» Exercise description
In the records below, find the line containing "Rioni Signature Monogram". Output it and every line after it to the end, unchanged, with no pictures.

» Excerpted data
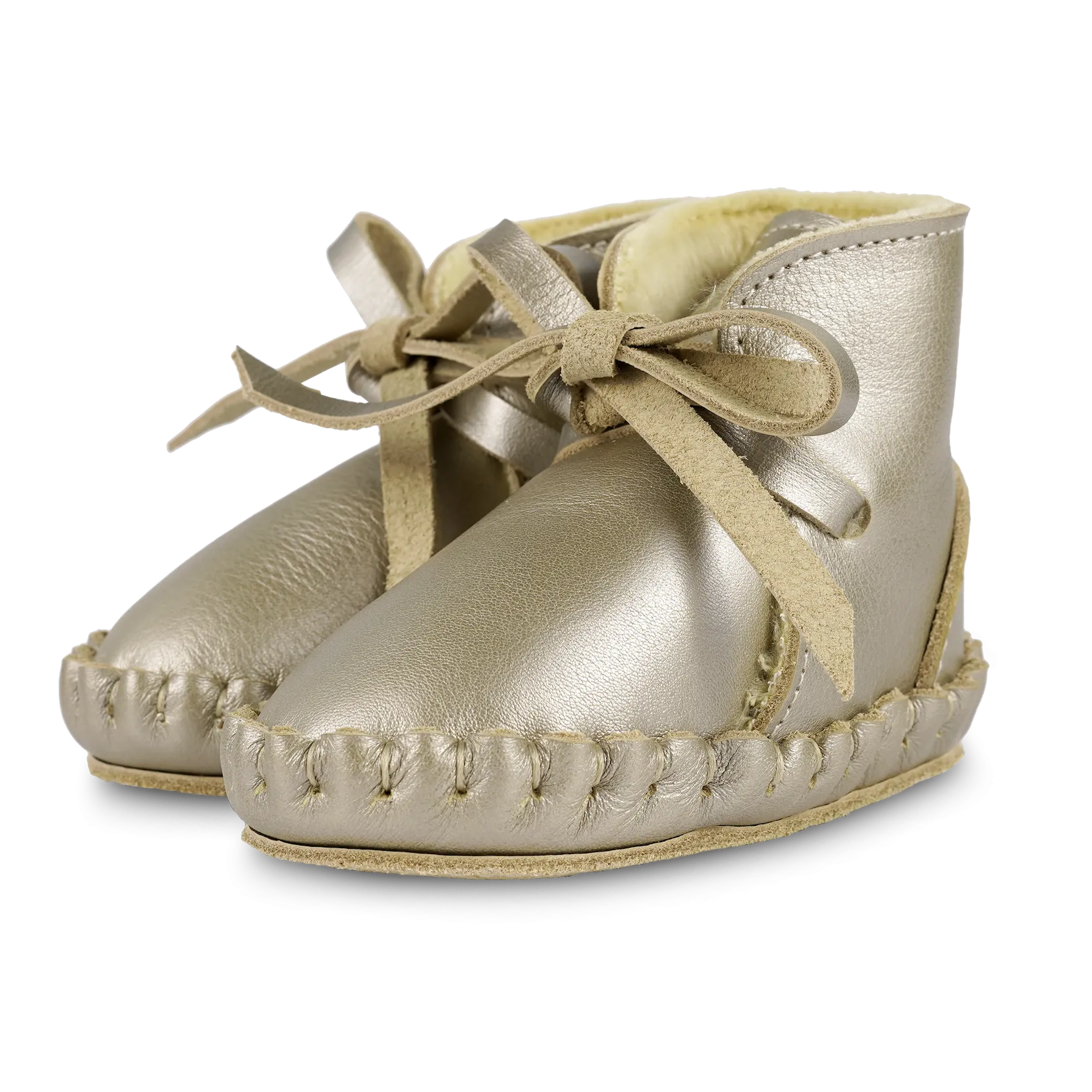 Pina Exclusive Booties | Champagne Metallic Leather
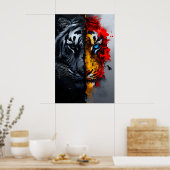 De twee gezichten van de tijger poster (Keuken)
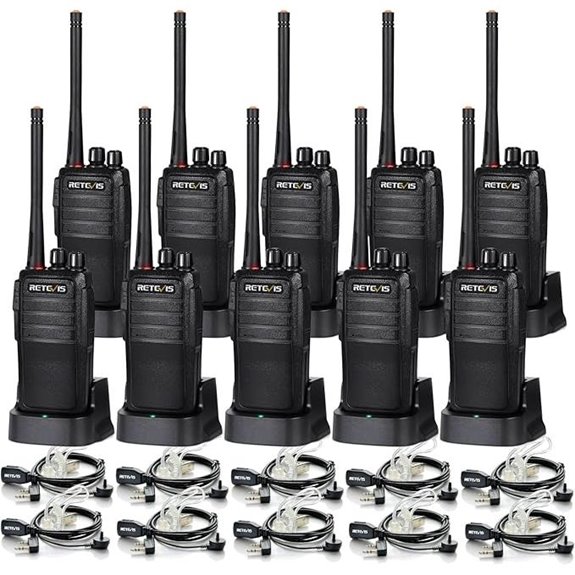Retevis RT21 10-Pack Rechargeable Long-Range Walkie Talkies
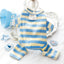 Dog Clothes Spring and Summer Thin Wide Striped Four-legged Home Clothes Bottoming Shirt Small Dog Teddy Pet - Korvel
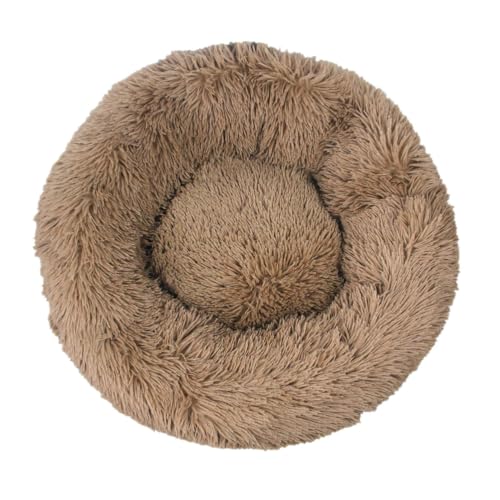 Rozhuhro Katzenbett Hundebett Sofa Donut-Zwinger, warmes rundes Haustierbett Plüsch, weiche beruhigende Betten Plüsch mit Rutschfester Unterseite, für Welpen Kätzchen kleine Haustiere,Khaki,40CM Rozhuhro Katzenbett Hundebett Sofa Donut-Zwinger, warmes rundes Haustierbett Plüsch, weiche beruhigende Betten Plüsch mit Rutschfester Unterseite, für Welpen Kätzchen kleine Haustiere,Khaki,40CM von Rozhuhro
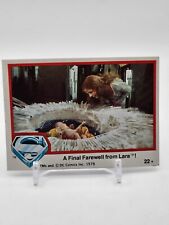 A Final Farewell from Lara 1978 Topps SUPERMAN The Movie #22 VINTAGE DC picture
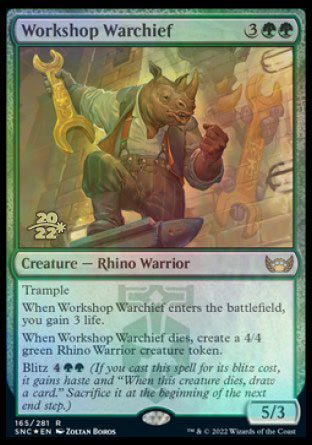 Workshop Warchief [Streets of New Capenna Prerelease Promos] | Clutch Gaming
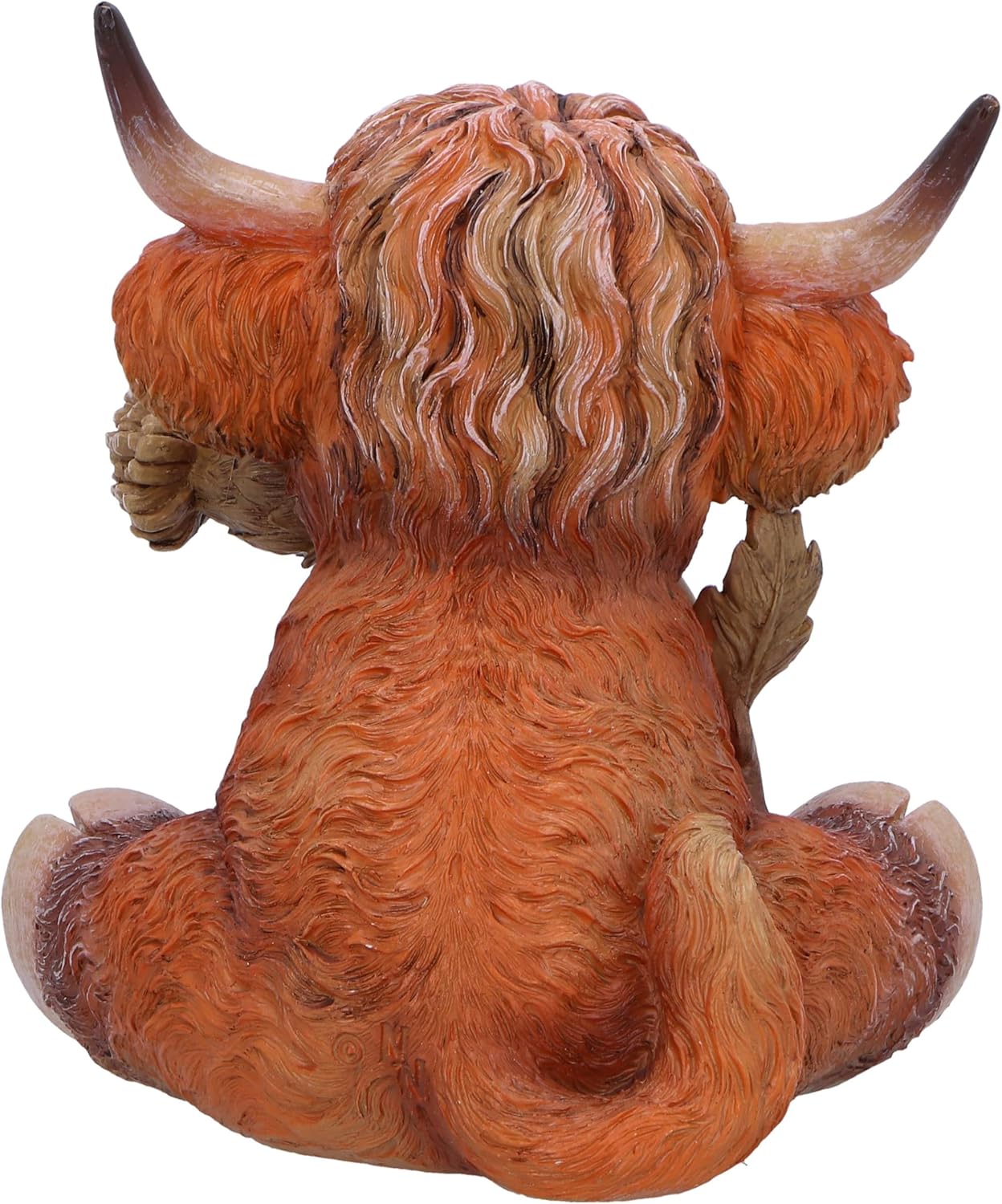 Nemesis Now Highland Thistle Highland Thistle Cow Figurine, Resin, Brown, Cast in the Finest Resin, Expertly Hand-Painted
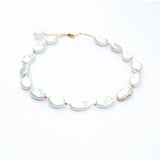 Large Keishi Pearl Choker - White Freshwater Pearl Necklace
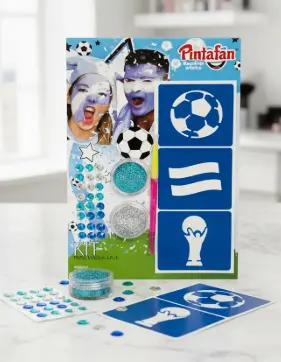 [0652-0009] Kit mix glam-Arg patrio glam-2 glitter+strass+pincel+stencil 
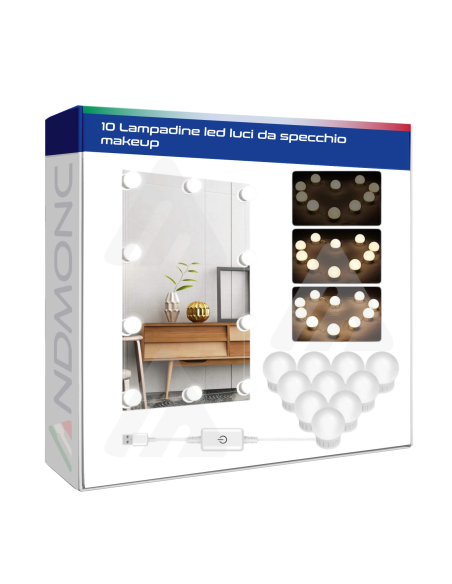 10 Lampadine led luci da specchio makeup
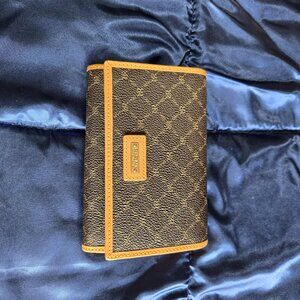 Rioni Signature Monogram Coffee Brown Sadie Tri-fold Wallet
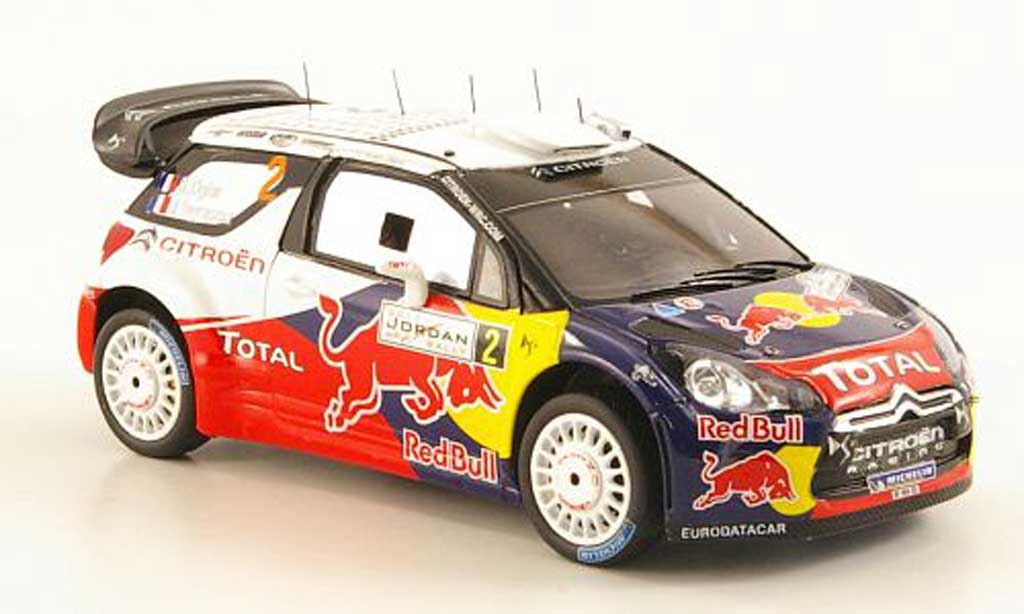 DS Automobiles DS3 WRC 2011 1/43 Spark WRC 2011 No.2 Total Rally Jordanien modelauto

» Expected answer
 Rioni Signature Monogram Coffee Brown Sadie Tri-fold Wallet
 DS Automobiles DS3 WRC 2011 1/43 Spark WRC 2011 No.2 Total Rally Jordanien modelauto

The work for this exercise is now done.